No doubt, the Middle East is a major marketer of petroleum products. However, the hike in the price of crude oil has made the transition to renewable sources paramount within the region. Policies by many countries in the region and contract awards to green energy companies evidence the Middle East’s adoption of renewable energy. For example, the Middle East Energy Transition reported in 2021 that there were no contract awards to oil and gas stations in the MENA. For renewable energy companies, about $2.8 billion was awarded to develop clean energy.
Three Ways Middle East Countries Are Transitioning to Renewable
Solar and wind power are the major renewable energy sources for this region as these two are constant. Hydrogen and fossil fuels are other renewable sources seen as part of the region’s foreseeable clean future.
Countries like Saudi Arabia, UAE, and Egypt are leading the region to adopt solar as renewable energy. They achieve this by launching billion-dollar projects to ground the use of clean energy. UAE is currently working on about four solar projects spread across the region. These projects contains over 4 million solar panels. Hence, making it one of the largest renewable projects in the world. Egypt aims to increase renewable energy share in electricity by 20% by the end of 2022. The country recently concluded it’s a solar park, helping the country realize its 2022 goal. For Saudi Arabia, its National Renewable Energy Programme has been working on six solar PVs.
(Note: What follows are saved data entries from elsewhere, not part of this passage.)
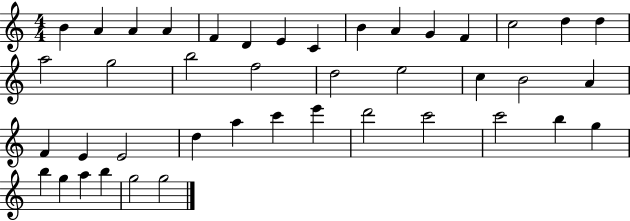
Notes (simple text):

B4/q A4/q A4/q A4/q F4/q D4/q E4/q C4/q B4/q A4/q G4/q F4/q C5/h D5/q D5/q A5/h G5/h B5/h F5/h D5/h E5/h C5/q B4/h A4/q F4/q E4/q E4/h D5/q A5/q C6/q E6/q D6/h C6/h C6/h B5/q G5/q B5/q G5/q A5/q B5/q G5/h G5/h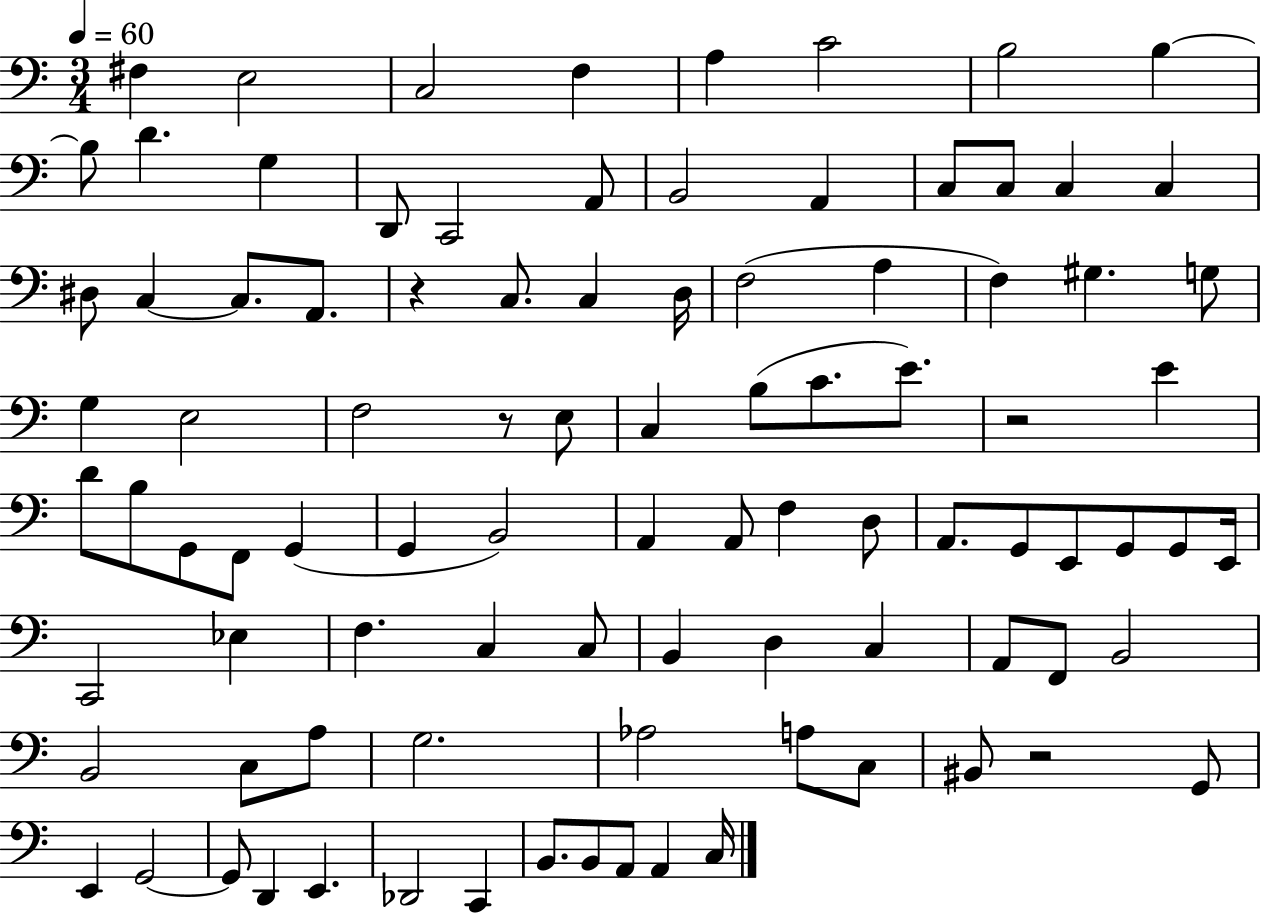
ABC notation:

X:1
T:Untitled
M:3/4
L:1/4
K:C
^F, E,2 C,2 F, A, C2 B,2 B, B,/2 D G, D,,/2 C,,2 A,,/2 B,,2 A,, C,/2 C,/2 C, C, ^D,/2 C, C,/2 A,,/2 z C,/2 C, D,/4 F,2 A, F, ^G, G,/2 G, E,2 F,2 z/2 E,/2 C, B,/2 C/2 E/2 z2 E D/2 B,/2 G,,/2 F,,/2 G,, G,, B,,2 A,, A,,/2 F, D,/2 A,,/2 G,,/2 E,,/2 G,,/2 G,,/2 E,,/4 C,,2 _E, F, C, C,/2 B,, D, C, A,,/2 F,,/2 B,,2 B,,2 C,/2 A,/2 G,2 _A,2 A,/2 C,/2 ^B,,/2 z2 G,,/2 E,, G,,2 G,,/2 D,, E,, _D,,2 C,, B,,/2 B,,/2 A,,/2 A,, C,/4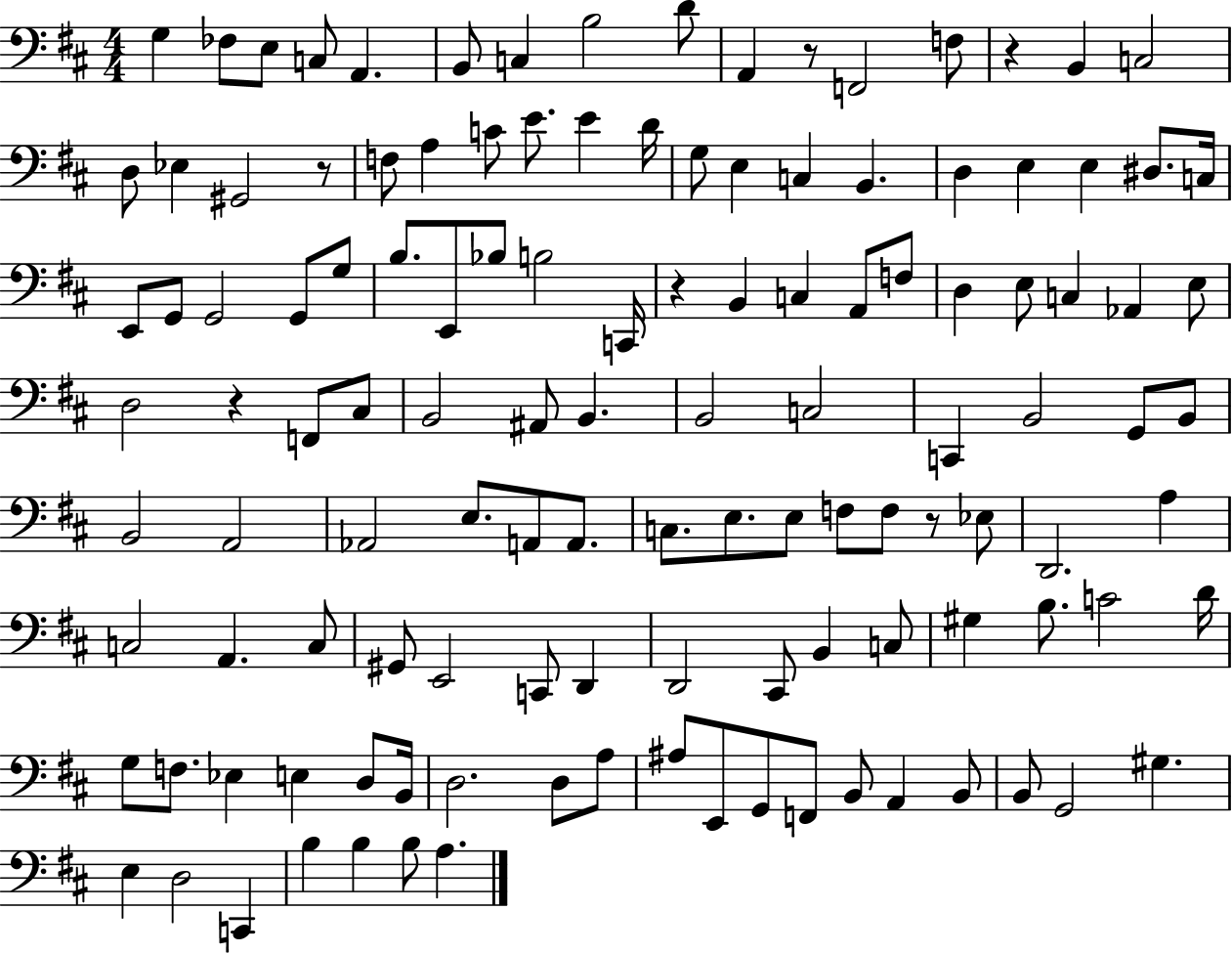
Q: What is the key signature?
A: D major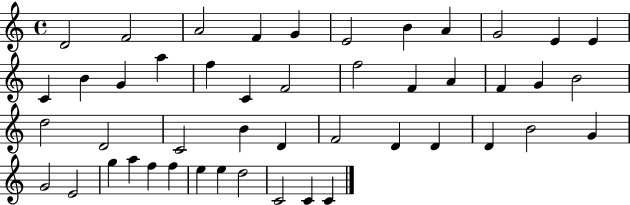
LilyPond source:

{
  \clef treble
  \time 4/4
  \defaultTimeSignature
  \key c \major
  d'2 f'2 | a'2 f'4 g'4 | e'2 b'4 a'4 | g'2 e'4 e'4 | \break c'4 b'4 g'4 a''4 | f''4 c'4 f'2 | f''2 f'4 a'4 | f'4 g'4 b'2 | \break d''2 d'2 | c'2 b'4 d'4 | f'2 d'4 d'4 | d'4 b'2 g'4 | \break g'2 e'2 | g''4 a''4 f''4 f''4 | e''4 e''4 d''2 | c'2 c'4 c'4 | \break \bar "|."
}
It aims to generate 58.7GW of renewable energy by 2030.
Like solar, the wind is a major source for the region to step up its renewable energy sources. According to GWEC Market Intelligence, Morocco installed 92MW of wind capacity in 2020. This is followed by Jordan (52MW), Iran (45MW), and Egypt (13MW). In addition, in 2020, Saudi Arabia launched its first wind farm installing about 99 turbines. These turbines are estimated to provide clean energy to over 70,000 households.
Hydrogen fuel is carbon-free and releases only water vapor. This makes it a popular renewable source in the region’s growing energy space. Over the past years, $42 billion has been invested in hydrogen projects. In Saudi Arabia, a hydrogen plant powered by Saudi-based Acwa power is in the works. The UAE has also launched a solar-powered green hydrogen plant estimated to produce 20.5kg of hydrogen. This is only one of the several hydrogen projects that the country is investing in. Hydrogen has become important for the MENA region because it can help decarbonize traditional oil-flared plants.
Renewable energy is a sustainable and greener way to produce power for any nation. The Middle East and its various laudable projects are at the forefront of the full assimilation of clean energy. However, with the ambition of the region to make clean energy over 50% of its energy source by 2050, countries can only meet the fast transition to renewable energy with structures that can achieve this aim.